***** DATA PROVIDED

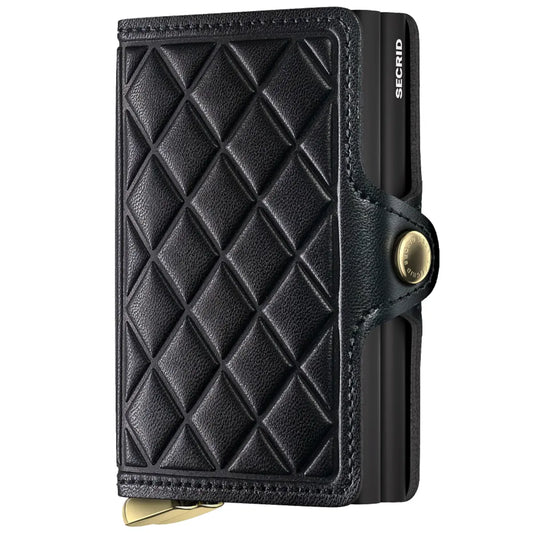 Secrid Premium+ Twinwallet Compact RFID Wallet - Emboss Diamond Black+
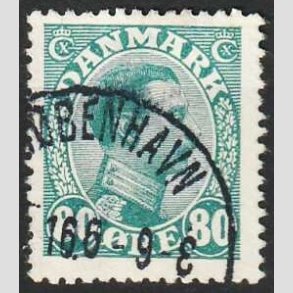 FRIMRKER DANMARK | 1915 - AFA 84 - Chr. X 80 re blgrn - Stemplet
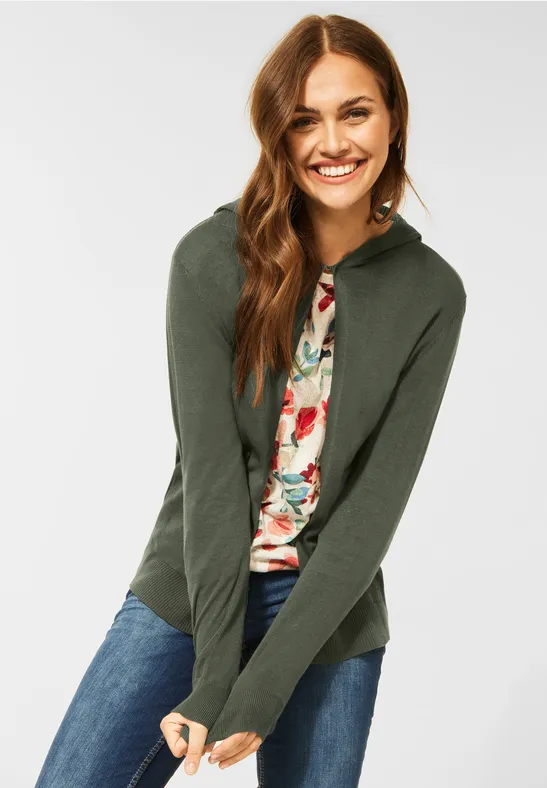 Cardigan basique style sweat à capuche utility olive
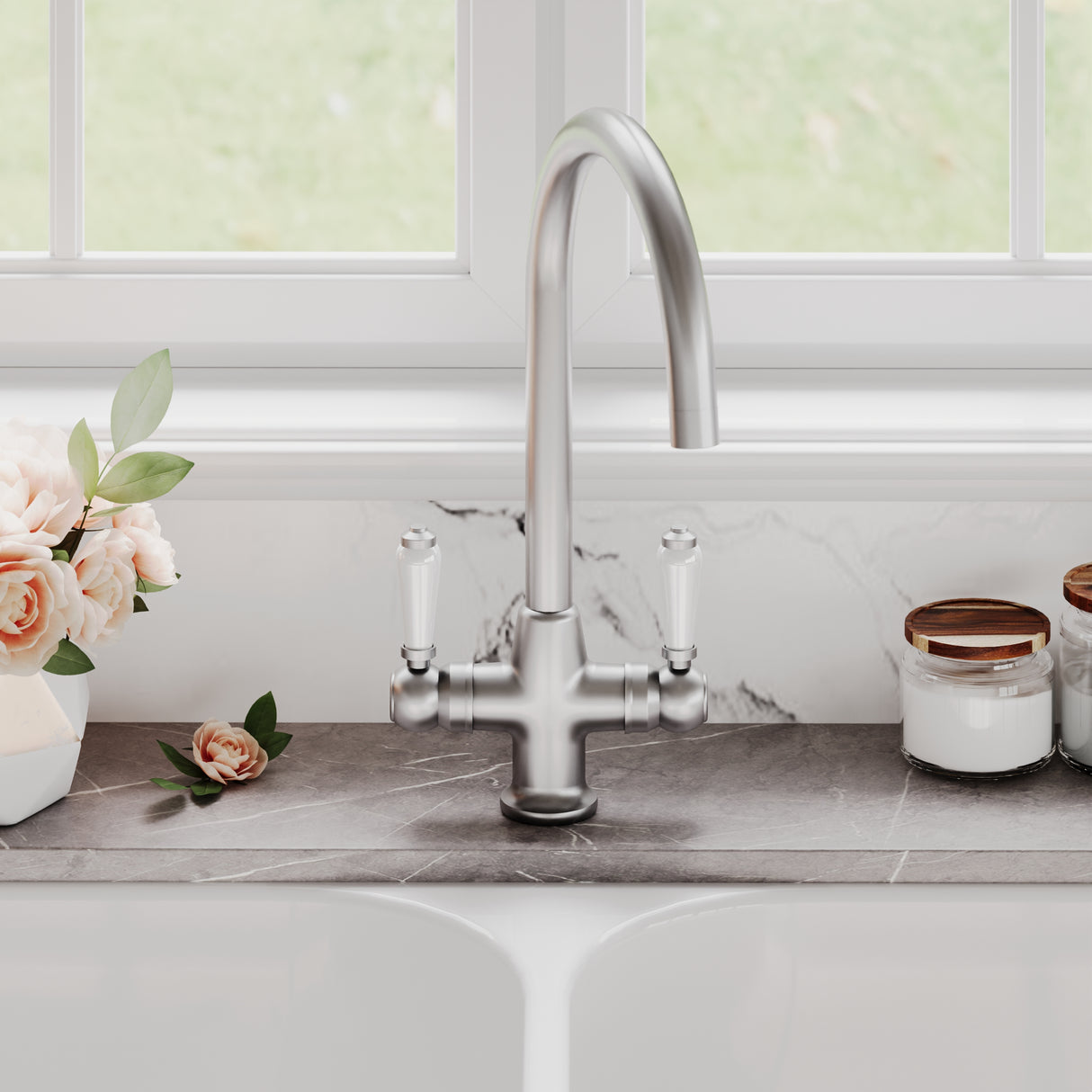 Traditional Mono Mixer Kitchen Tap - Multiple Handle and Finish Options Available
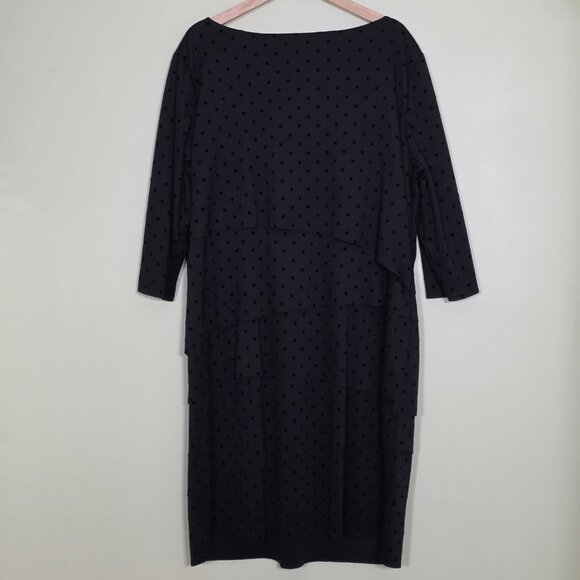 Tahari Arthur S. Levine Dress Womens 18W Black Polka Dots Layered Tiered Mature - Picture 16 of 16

**********

WORK ORDER ->
Only the lines from the line with "Traditional Mono Mixer" to the bottom of the material above should be reproduced, exactly and without pictures.

REPLY ->
 Traditional Mono Mixer Kitchen Tap - Multiple Handle and Finish Options Available
 Tahari Arthur S. Levine Dress Womens 18W Black Polka Dots Layered Tiered Mature - Picture 16 of 16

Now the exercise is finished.